Squamish Nation member Beverly Brown joined about 18 other members on Friday in a rush-hour rally in North Vancouver to protest the proposed facility and their leadership’s handling of the issue.
Brown said there has been a lack of meaningful consultation about the project. Four meetings held for members prior to the release of the Squamish Nation’s recently announced 25 conditions were for information only, not for meaningful consultation, she said.
“They haven’t really got any feedback from the community, though they are trying to say in the media and in their news letters that they have got feedback from the community,” she said, adding that the community was never surveyed about the project.
“All of the negotiations have been done behind closed doors, amongst themselves.
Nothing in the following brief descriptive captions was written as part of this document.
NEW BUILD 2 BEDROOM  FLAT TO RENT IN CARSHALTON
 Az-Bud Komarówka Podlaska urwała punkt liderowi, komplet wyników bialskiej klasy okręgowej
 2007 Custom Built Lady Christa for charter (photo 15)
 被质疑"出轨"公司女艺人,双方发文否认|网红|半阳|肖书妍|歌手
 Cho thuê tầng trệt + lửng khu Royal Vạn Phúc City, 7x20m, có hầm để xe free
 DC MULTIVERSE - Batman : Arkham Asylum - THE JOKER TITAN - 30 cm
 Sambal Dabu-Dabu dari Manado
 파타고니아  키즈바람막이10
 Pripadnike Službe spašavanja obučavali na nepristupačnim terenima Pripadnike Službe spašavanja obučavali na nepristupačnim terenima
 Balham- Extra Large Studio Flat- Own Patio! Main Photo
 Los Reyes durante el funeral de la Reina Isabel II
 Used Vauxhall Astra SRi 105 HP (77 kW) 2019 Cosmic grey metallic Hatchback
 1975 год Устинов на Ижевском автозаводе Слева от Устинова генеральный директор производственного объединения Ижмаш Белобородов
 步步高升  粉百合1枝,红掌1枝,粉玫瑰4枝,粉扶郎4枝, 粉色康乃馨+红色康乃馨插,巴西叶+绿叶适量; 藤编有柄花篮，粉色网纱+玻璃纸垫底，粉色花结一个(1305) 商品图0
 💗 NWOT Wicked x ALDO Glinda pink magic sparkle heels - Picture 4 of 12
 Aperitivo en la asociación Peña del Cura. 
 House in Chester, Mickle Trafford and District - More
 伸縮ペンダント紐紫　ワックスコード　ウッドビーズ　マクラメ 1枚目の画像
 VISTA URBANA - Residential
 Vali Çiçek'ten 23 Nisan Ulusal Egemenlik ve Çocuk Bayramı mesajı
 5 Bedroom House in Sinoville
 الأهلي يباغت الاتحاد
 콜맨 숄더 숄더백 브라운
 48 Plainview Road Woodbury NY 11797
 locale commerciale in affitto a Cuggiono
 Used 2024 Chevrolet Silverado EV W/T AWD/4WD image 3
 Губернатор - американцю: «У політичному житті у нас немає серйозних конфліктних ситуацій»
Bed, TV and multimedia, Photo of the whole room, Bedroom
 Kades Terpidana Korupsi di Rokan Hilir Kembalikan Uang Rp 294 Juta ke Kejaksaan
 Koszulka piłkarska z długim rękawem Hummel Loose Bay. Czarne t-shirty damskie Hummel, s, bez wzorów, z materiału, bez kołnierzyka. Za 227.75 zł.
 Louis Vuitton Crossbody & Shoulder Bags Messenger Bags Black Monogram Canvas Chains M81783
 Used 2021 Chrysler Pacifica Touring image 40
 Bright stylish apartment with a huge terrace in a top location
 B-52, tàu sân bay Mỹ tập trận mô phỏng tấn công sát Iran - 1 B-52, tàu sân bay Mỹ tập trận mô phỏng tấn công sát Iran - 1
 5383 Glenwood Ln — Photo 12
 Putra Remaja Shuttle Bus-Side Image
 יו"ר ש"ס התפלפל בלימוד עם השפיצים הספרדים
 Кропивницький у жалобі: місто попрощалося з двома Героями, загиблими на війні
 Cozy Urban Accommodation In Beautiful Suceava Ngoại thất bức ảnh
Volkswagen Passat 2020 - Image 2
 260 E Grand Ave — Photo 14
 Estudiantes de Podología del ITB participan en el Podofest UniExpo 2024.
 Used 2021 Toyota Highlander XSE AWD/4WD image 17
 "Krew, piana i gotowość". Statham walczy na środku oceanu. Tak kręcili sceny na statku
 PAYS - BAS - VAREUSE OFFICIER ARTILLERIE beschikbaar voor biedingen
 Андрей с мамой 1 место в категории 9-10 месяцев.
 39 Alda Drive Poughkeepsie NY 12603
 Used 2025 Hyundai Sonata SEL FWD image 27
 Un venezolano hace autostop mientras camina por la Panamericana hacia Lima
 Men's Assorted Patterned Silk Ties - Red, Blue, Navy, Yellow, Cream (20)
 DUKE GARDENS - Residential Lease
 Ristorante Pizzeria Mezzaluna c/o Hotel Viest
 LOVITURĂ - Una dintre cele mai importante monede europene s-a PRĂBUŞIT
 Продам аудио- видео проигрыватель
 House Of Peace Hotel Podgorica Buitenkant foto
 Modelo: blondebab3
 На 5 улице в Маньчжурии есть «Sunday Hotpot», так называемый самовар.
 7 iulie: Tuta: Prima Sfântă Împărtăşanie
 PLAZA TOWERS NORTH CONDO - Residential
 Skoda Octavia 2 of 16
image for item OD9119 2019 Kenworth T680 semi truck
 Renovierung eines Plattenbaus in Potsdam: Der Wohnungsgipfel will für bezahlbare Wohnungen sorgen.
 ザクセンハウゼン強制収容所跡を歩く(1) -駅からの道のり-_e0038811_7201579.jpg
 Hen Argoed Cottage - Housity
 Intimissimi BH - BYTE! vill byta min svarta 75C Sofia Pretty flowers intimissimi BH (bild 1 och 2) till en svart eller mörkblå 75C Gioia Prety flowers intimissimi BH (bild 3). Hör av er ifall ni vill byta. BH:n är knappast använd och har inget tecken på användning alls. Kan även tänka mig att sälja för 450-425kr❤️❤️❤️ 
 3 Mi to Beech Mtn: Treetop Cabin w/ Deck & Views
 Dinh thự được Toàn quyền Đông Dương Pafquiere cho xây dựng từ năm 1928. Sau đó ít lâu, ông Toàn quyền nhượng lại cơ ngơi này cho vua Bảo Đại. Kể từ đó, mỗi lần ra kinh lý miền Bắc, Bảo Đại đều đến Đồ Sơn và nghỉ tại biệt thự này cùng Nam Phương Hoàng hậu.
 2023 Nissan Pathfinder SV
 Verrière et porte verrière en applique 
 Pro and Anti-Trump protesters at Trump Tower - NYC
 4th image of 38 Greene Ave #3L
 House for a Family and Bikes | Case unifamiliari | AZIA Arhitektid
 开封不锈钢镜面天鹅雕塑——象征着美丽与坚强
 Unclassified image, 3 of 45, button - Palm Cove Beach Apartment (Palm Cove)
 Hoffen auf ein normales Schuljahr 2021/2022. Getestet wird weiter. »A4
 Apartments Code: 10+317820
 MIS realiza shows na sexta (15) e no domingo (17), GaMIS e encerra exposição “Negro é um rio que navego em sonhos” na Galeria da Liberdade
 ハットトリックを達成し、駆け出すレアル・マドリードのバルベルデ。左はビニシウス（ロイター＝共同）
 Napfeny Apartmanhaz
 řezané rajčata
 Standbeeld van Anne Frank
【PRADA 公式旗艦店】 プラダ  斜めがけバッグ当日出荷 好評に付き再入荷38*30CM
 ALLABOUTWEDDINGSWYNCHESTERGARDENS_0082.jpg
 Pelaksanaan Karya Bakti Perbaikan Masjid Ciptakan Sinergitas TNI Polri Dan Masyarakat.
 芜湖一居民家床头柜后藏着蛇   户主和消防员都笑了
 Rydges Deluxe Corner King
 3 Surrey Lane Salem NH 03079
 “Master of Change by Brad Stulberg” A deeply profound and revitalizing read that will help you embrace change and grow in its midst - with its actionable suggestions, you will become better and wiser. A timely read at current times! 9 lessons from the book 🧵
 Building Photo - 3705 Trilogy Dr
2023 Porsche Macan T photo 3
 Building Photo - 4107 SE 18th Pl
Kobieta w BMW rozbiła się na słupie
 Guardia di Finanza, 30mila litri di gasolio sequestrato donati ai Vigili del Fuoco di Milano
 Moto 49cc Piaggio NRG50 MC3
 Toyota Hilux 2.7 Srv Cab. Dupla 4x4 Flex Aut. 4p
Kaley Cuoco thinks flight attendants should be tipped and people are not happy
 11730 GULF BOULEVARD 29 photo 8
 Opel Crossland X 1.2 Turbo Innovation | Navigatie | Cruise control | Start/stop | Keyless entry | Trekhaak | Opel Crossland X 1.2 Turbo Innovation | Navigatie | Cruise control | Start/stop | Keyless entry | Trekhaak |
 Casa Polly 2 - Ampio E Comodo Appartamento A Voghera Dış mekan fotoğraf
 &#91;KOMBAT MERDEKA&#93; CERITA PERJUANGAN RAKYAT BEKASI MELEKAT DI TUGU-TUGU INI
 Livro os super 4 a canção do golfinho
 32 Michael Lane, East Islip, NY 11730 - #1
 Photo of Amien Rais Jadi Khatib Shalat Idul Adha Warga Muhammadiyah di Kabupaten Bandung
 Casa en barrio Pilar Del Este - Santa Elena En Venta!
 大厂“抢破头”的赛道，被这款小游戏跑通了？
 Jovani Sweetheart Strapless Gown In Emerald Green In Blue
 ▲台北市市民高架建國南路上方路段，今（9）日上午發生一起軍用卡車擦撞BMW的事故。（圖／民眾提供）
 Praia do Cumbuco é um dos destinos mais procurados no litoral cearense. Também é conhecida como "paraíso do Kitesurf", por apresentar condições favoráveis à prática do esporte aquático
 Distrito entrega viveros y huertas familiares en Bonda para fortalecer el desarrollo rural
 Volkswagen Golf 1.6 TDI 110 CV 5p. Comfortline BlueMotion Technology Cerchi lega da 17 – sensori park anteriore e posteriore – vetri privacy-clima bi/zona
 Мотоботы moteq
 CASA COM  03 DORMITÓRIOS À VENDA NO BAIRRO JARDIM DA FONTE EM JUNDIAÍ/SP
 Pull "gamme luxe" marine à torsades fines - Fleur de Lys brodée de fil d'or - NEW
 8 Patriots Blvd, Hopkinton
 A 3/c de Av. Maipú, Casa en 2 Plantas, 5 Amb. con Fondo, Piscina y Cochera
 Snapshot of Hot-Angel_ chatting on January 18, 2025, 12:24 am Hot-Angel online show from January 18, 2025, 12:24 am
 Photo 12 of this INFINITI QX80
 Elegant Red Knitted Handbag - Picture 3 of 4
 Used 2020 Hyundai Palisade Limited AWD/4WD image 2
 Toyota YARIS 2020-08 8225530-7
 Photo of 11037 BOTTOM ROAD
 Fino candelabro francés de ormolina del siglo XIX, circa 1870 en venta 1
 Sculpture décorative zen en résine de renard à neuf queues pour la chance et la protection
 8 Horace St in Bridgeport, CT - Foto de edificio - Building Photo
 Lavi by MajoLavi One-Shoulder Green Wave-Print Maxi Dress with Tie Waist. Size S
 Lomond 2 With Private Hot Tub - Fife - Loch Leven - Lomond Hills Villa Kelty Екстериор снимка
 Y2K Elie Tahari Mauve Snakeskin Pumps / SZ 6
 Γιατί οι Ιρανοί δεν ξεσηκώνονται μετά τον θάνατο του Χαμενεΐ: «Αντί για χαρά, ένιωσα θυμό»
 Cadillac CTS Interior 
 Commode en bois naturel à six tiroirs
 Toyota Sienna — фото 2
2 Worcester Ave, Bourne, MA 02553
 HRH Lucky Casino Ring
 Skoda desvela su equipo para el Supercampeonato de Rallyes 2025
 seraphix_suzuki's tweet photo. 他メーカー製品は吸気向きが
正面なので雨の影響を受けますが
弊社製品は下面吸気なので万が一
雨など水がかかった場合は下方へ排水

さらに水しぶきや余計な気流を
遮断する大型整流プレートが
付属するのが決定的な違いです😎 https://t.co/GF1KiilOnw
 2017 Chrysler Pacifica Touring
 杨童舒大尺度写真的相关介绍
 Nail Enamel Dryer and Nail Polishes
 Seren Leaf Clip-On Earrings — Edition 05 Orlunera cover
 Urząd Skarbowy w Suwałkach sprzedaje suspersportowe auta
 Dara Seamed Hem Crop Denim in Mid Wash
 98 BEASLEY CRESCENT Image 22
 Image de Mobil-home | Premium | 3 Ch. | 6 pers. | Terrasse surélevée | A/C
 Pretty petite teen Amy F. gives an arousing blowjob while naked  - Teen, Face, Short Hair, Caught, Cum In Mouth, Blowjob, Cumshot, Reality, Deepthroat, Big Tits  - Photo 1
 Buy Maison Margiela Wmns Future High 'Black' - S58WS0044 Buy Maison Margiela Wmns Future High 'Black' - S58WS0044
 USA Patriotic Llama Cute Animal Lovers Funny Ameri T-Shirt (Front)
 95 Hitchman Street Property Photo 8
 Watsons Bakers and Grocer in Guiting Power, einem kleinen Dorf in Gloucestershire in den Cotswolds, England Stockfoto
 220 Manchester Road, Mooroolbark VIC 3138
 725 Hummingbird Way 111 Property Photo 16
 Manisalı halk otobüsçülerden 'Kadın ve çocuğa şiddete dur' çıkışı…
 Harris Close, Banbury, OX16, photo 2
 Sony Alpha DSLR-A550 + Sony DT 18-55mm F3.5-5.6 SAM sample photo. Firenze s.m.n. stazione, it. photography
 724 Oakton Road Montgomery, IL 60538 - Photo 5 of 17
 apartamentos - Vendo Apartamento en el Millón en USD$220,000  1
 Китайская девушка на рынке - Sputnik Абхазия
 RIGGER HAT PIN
Membership has been completely excluded. We have had no say.”
Squamish’s Carol Joseph agreed.
“A lot of people are saying they never came to them,” she said.
There were two information meetings held last week specifically about the conditions, one at Totem Hall in Squamish and one in North Vancouver. Brown said her understanding is that Squamish Nation custom is that there be 30 days written notice to members on and off reserve for any meetings. Only a few days’ notice was given, she said.
At the Squamish meeting, about 48 members were in attendance, and at the North Vancouver, about 60, she said. The Squamish Nation has approximately 4,000 members.
But Chief Ian Campbell said it was “simply not true” that membership was not consulted on the project.
“While a few critics get most of the press, some members have a more open mind when it comes to the proposal,” Campbell said.
“But all Squamish Nation members have had their opinion reflected in the [Squamish Nation] Assessment Report, which was based on information collected from members through a series of community meetings, plain language bulletins, focus group sessions, email and telephone correspondence. All this was part of a comprehensive program of public education designed specifically for Squamish Nation members. This program started November 2014 and continues to this day.”
Under the Indian Act, Squamish Nation is not obligated to hold a referendum on developments on off-reserve lands, according to Campbell.
Brown said the actual site of the proposed facility is a traditional Squamish Nation village.
She said the information presented by the leadership about the project has been one-sided in support of the liquefied natural gas plant.
The provincial government paid for the Squamish Nation process that led to the Squamish Nation Assessment Report, Brown said.
“It is a conflict for the government to pay for the Nation’s assessment,” she said.
According to Campbell, Woodfibre LNG and FortisBC paid a fee to enter into the Squamish assessment process, “which covered all costs associated with the review of their respective projects. The province and federal governments also offered capacity funds for the Squamish Nation to participate in their assessment.”
In the end, the Squamish Nation assessment is just the province’s assessment with talk of First Nation’s culture and traditions thrown in, Brown said.
“There was nothing to go above and beyond to protect our cultural national rights as people. It doesn’t go far enough,” she said.
Campbell said while it is true that a portion of the Squamish process was to assess the information Woodfibre LNG and FortisBC submitted to the provincial environmental assessment, “the identification of Squamish Nation interests and values were all community driven.”
The Squamish Nation also required new information not available in the provincial process, Campbell said.
Brown said while the leadership put forward conditions to be met in order for the LNG facility to go through, her feeling is that most of the membership does not want the facility at all.
“In the two meetings that I attended, I heard many people over and over – ‘no to LNG’ and we heard council over and over trying to push the project onto the community,” Brown said.
“The people aren’t for it,” she said. “I am dead set against it.”